In the listing beneath this line, copy exactly the lines starting with the one containing "The product of the" and going on through the one containing "Hi, my name".
##### SOURCE RECORDS #####
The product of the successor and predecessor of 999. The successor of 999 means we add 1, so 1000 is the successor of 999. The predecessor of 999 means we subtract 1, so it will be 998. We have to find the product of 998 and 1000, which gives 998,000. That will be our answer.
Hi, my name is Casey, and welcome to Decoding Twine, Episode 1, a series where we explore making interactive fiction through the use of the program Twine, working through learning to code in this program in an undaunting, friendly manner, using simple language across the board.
#####
##### SOURCE RECORDS #####
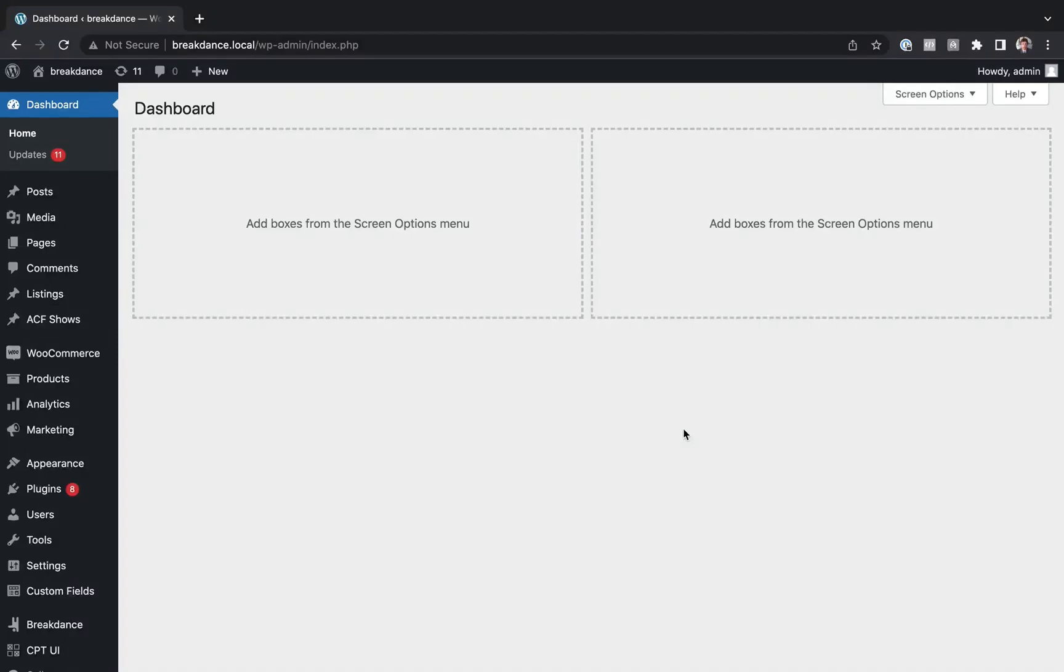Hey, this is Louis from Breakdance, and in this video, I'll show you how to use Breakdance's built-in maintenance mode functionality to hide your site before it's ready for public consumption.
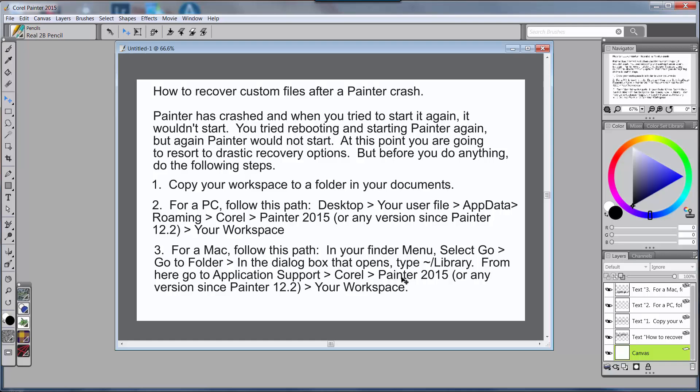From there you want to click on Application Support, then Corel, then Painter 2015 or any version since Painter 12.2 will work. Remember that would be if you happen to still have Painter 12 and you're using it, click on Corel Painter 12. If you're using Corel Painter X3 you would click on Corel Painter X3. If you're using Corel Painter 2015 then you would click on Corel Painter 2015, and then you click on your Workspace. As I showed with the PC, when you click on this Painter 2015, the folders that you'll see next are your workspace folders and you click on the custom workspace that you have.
#####
- **WRITTEN ANSWER**
The product of the successor and predecessor of 999. The successor of 999 means we add 1, so 1000 is the successor of 999. The predecessor of 999 means we subtract 1, so it will be 998. We have to find the product of 998 and 1000, which gives 998,000. That will be our answer.
Hi, my name is Casey, and welcome to Decoding Twine, Episode 1, a series where we explore making interactive fiction through the use of the program Twine, working through learning to code in this program in an undaunting, friendly manner, using simple language across the board.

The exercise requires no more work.